■ Work instructions
The output consists only of the lines from the one with "紹介をするビジネスパーソンのイラスト_上半身 紹介をするビジネスパーソンのイラスト_上半身 116320000" through the end of the records, each printed exactly, and contains no pictures.

(Short web captions)
◆ ◆ ◆ ◆

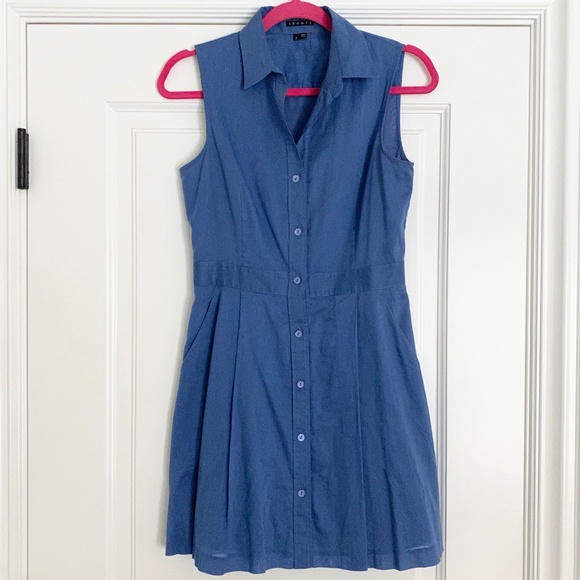 Theory Blue Sleeveless Shirt Dress - 2 - Picture 4 of 8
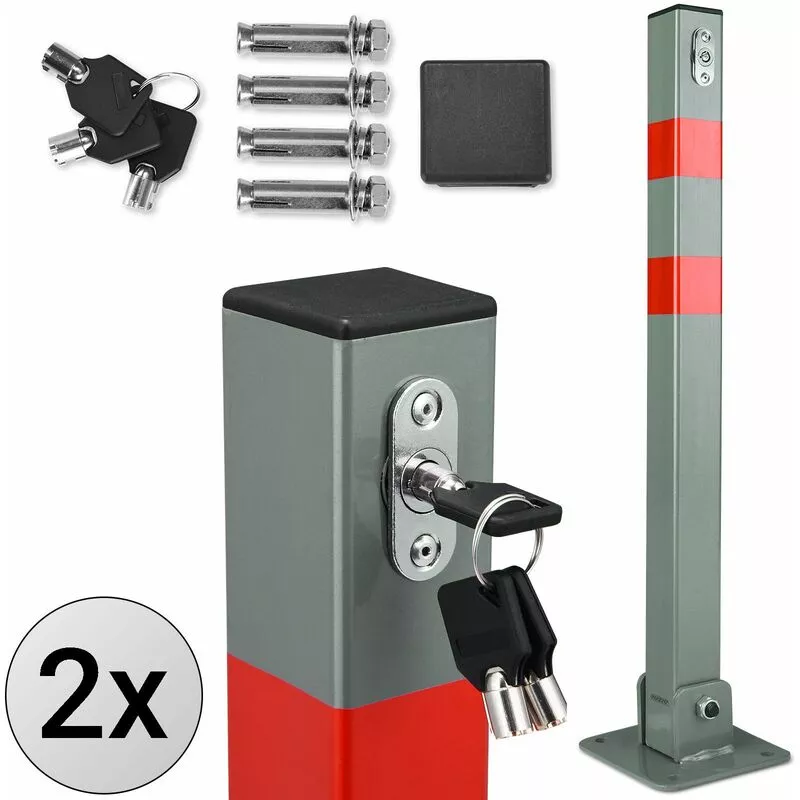 Barrera De Aparcamiento Acero Con 3 Llaves Poste Abatible Bloqueo Para Garaje Estacionamiento 2X - Monzana En Oferta Barrera De Aparcamiento Acero Con 3 Llaves Poste Abatible Bloqueo Para Garaje Estacionamiento 2X - Monzana Barato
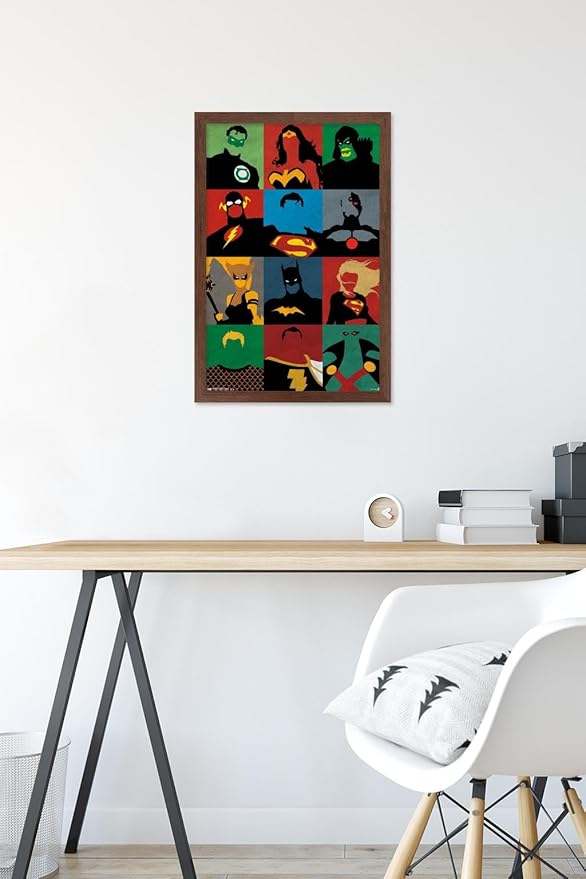 Trends International DC Comics - Justice League - Minimalist Wall Poster, 14.725" x 22.375", Mahogany Framed Version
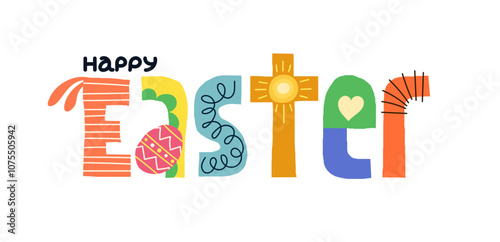 Happy Easter creative art drawing lettering. Paschal celebration inscription for greeting card. Springtime holiday colorful letters logo. Artwork typography with cute bunny ears and egg. Eps badge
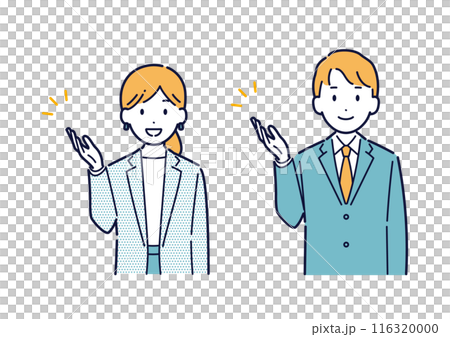 紹介をするビジネスパーソンのイラスト_上半身 紹介をするビジネスパーソンのイラスト_上半身 116320000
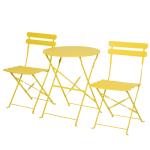 Outsunny Conjunto Muebles Plegables de Jardín de 3 piezas Mesa y 2 Sillas de Metal para Balcón Terraza Exteriores Ø60x71 cm Amarillo
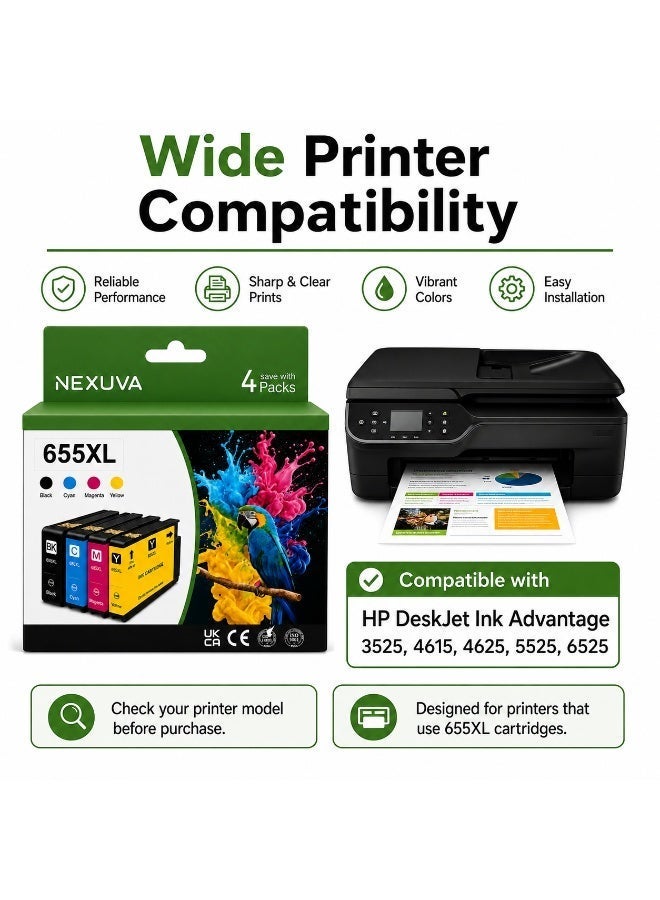 نيكسوفا خراطيش حبر NEXUVA 655XL متوافقة مع طابعات HP Deskjet 3525 4615 4625 5525 6525، عبوة 4 قطع: أسود، سماوي، أرجواني، أصفر. - Image 2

◆ ◆ ◆ ◆

■ Solution for this exercise
 紹介をするビジネスパーソンのイラスト_上半身 紹介をするビジネスパーソンのイラスト_上半身 116320000
 Outsunny Conjunto Muebles Plegables de Jardín de 3 piezas Mesa y 2 Sillas de Metal para Balcón Terraza Exteriores Ø60x71 cm Amarillo
 نيكسوفا خراطيش حبر NEXUVA 655XL متوافقة مع طابعات HP Deskjet 3525 4615 4625 5525 6525، عبوة 4 قطع: أسود، سماوي، أرجواني، أصفر. - Image 2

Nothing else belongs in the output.